I was born in New York City but I moved to Costa Rica at a very young age and spent my whole life there. My parents run a bed and breakfast and coffee farm in a town called Heredia, near the cloud forest. It was very rural and very fun; I spent most of my childhood with animals: horses, dogs, cats, rabbits and a pet squirrel called Sammy. I came to New York right after college as I was interested in film and theater, and haven’t left since!

What was your favorite subject in school? 

I loved literature, both English and Spanish. I lived in a pretty vivid fantasy world as a kid and reading was always my favorite way to fully inhabit those worlds and make them my own.
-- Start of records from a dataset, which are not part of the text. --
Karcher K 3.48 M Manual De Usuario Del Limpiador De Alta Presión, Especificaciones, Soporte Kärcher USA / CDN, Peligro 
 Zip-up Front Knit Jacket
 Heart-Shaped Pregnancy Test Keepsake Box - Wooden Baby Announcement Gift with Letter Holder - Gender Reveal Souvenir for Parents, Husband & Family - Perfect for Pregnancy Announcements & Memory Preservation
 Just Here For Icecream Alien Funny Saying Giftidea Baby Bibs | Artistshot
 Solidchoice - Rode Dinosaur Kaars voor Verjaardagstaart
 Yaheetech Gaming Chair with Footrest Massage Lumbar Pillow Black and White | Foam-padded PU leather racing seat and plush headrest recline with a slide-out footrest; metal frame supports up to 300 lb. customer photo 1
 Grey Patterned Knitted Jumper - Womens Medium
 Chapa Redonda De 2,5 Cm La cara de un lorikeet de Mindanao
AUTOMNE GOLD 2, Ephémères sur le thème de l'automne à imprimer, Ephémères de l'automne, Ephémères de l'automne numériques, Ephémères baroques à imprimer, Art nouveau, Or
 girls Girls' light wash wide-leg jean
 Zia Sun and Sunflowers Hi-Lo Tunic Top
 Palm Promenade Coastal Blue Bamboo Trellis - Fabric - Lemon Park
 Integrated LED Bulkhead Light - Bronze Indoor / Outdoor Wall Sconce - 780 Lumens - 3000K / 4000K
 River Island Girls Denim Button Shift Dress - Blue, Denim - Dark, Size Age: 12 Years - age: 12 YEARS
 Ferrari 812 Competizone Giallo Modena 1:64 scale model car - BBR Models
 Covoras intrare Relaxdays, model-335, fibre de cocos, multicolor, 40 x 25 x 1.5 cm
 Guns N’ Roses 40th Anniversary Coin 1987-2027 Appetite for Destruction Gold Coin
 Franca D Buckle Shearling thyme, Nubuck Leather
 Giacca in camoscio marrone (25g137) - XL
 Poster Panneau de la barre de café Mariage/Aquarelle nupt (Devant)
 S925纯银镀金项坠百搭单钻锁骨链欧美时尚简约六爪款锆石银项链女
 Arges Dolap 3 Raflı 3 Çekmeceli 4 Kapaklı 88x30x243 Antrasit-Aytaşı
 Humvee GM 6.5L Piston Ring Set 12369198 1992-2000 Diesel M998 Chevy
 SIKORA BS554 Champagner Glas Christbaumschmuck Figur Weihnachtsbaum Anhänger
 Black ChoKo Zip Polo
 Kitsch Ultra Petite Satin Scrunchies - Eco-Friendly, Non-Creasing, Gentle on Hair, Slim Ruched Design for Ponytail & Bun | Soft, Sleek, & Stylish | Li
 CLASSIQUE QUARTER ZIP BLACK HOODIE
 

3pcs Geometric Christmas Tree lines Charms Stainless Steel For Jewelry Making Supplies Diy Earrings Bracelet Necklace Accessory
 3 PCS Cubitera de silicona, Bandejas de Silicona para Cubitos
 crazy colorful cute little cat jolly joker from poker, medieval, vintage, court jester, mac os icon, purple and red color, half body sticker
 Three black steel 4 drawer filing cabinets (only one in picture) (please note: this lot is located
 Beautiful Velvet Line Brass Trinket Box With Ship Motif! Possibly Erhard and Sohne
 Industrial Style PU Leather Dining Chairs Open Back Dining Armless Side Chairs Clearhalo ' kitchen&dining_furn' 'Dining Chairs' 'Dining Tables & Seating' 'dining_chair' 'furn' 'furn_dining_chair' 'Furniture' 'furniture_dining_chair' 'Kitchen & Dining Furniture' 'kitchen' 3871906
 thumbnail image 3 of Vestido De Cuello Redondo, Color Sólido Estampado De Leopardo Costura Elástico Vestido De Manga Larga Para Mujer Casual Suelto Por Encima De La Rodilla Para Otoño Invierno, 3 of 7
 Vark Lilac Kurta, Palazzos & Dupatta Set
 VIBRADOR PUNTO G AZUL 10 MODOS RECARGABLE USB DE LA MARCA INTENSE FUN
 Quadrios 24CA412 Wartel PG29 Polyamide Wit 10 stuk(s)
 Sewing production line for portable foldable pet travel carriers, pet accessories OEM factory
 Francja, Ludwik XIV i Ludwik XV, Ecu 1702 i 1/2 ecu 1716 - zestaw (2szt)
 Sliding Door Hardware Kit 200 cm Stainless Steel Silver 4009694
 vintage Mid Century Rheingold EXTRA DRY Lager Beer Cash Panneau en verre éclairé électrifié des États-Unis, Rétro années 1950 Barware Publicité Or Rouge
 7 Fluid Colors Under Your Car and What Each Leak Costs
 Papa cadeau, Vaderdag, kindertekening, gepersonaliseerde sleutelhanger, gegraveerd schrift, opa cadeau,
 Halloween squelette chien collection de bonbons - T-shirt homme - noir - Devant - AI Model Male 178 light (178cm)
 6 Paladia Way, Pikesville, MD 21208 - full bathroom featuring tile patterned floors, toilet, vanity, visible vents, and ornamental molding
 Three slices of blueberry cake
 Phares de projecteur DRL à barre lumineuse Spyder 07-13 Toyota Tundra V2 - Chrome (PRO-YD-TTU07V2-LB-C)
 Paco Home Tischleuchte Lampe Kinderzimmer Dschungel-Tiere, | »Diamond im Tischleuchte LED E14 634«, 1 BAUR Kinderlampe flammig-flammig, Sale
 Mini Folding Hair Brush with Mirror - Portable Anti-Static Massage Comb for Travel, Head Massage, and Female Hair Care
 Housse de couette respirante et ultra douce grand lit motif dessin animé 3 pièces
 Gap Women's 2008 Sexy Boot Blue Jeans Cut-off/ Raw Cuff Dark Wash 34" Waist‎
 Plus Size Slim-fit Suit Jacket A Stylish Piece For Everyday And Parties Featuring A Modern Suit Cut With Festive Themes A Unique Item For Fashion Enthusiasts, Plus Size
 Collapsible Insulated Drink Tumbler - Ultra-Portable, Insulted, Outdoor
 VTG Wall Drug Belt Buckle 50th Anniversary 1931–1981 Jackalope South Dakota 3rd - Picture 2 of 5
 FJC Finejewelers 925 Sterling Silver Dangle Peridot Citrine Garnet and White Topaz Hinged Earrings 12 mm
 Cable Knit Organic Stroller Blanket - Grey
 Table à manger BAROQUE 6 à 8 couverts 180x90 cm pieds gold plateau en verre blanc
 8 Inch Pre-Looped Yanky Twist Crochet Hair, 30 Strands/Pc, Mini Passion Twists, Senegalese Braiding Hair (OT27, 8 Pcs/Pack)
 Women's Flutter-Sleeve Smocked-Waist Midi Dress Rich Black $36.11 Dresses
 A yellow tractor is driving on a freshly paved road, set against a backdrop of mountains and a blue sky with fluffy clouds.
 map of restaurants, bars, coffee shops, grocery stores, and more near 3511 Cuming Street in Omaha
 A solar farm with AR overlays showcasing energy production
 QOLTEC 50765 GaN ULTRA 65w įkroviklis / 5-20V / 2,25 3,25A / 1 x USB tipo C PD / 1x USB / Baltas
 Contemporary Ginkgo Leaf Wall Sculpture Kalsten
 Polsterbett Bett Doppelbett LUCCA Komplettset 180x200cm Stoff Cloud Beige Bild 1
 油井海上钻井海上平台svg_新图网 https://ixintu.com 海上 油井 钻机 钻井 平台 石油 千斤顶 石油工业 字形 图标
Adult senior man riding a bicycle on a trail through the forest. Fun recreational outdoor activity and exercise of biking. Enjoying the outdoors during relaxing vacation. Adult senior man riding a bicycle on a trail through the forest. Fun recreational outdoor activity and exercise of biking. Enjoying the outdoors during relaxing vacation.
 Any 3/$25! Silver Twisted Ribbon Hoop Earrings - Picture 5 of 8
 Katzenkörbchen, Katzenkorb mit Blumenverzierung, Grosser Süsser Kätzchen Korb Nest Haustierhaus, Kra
Is there a particular lesson or concept that you remember learning very clearly, either because of the way that it was taught, the way you came to understand it, or the way it changed the way you look at the world? Tell us about that experience. 

I had an English teacher in high school who spoke mostly in spoonerisms and never taught what was on the rigid curriculum. At the time, most of my classmates thought that he was a little looney, but the truth is that he was teaching us to think about language in a different way. We were encouraged to read and write in the most creative, expressive way possible and to make up words if they were part of the world we had created. In a system that often teaches language in a very rigid way, having a teacher who talked to us about the meaning of life and used language in a way that demonstrated other means of expression, really opened me up to appreciate literature and philosophy in a way I might not have without him. Mr Goldfinch was indeed loony, but only because he wanted to create a generation of free thinkers and totally unique loony creatives. 

What is your favorite book?

I have so many favorite books but I love anything by the author Wallace Stegner. Other favorites include Justine by Lawrence Durrell, Middlemarch by George Eliot and I have a lot of love for great fantasy novels I read in my youth like, The Golden Compass by Phillip Pullman, The Chronicles of Narnia and anything by Ray Bradbury.

What’s one piece of advice you’d like to give to every student reading this?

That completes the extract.